Reactions: Agree 2 | Informative 1


----------



## JR Custom Calls (Jan 12, 2016)

My advice would be to make sure your saw is set up properly. If you haven't seen the snodgrass bandsaw tune up video on YouTube, watch it. A 2-3 tpi blade is what you want to use, and IME, wider is better. I prefer 3/4 because they tend to run straighter easier. But everyone has their preference. Definitely cut them down to close to finished dimensions, just makes it easier to handle. My rikon with a 1.5hp motor resaws 12" without issue

Reactions: Agree 6 | Informative 1


----------



## CWS (Jan 12, 2016)

If you have a good table saw run the board on edge through the saw cutting a 2" deep kerf on both edges. That will help guide the bandsaw blade through the board.
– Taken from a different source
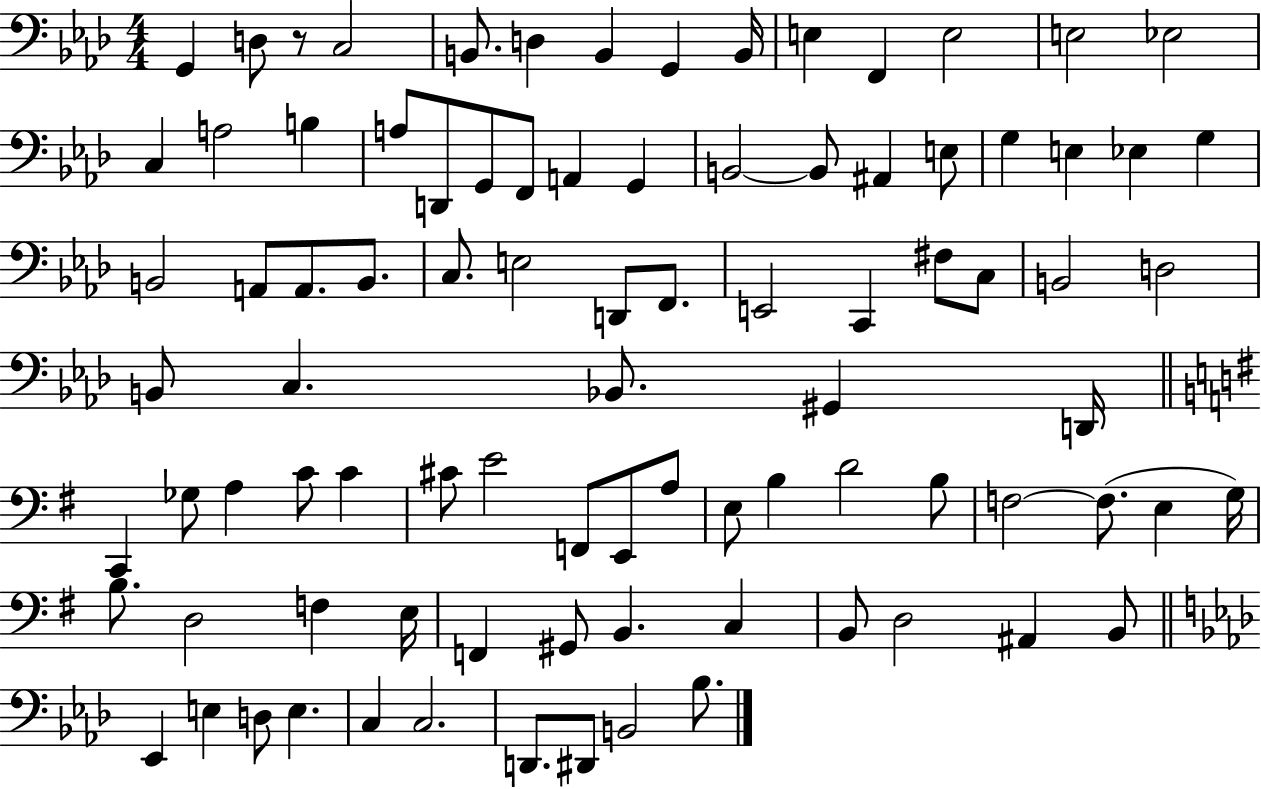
G2/q D3/e R/e C3/h B2/e. D3/q B2/q G2/q B2/s E3/q F2/q E3/h E3/h Eb3/h C3/q A3/h B3/q A3/e D2/e G2/e F2/e A2/q G2/q B2/h B2/e A#2/q E3/e G3/q E3/q Eb3/q G3/q B2/h A2/e A2/e. B2/e. C3/e. E3/h D2/e F2/e. E2/h C2/q F#3/e C3/e B2/h D3/h B2/e C3/q. Bb2/e. G#2/q D2/s C2/q Gb3/e A3/q C4/e C4/q C#4/e E4/h F2/e E2/e A3/e E3/e B3/q D4/h B3/e F3/h F3/e. E3/q G3/s B3/e. D3/h F3/q E3/s F2/q G#2/e B2/q. C3/q B2/e D3/h A#2/q B2/e Eb2/q E3/q D3/e E3/q. C3/q C3/h. D2/e. D#2/e B2/h Bb3/e.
Agree the bandsaw needs to be tuned with a big blade.

Reactions: Agree 1 | Informative 2


----------



## barry richardson (Jan 12, 2016)

Shouldn't be a problem, pine is a soft wood, cuts easy, I agree with everyones advice so far, I will add; use a fresh blade, and don't rush the cutting, if you push too much on the board, the blade will deflect and drift...

Reactions: Thank You! 1 | Agree 2


----------



## Nature Man (Jan 12, 2016)

Thanks everyone for the advice. I have a 16" Jet, and I've run it with a 1" blade for other hardwood work. I've just not tackled a more precise job where I want to effectively slice boards in half, so that both slices are usable. Thought that pine would certainly be easier than most hardwoods to process. I have 20+ boards of this dimension to cut. Chuck


----------



## Sidecar (Jan 12, 2016)

What's the kerf on that 1 inch blade....if your dead on center thickness of the two halfs are going to less than 3/8 or .375


----------



## Nature Man (Jan 12, 2016)

Sidecar said:


> What's the kerf on that 1 inch blade....if your dead on center thickness of the two halfs are going to less than 3/8 or .375


Kerf is pretty wide, not sure of the exact measurement. And that is a good point. Might should downsize to a smaller blade. Chuck


----------



## Mike1950 (Jan 12, 2016)

And a 1 inch blade on a 16" wheel is big, at least in the book I read. The wider the blade the less it likes to bend. Also the wider the blade, The closer the saw has to be on set up. A lot a times I have used a 3/8's blade to resaw with my 20" saw and with good results..

Reactions: Thank You! 1 | Agree 2


----------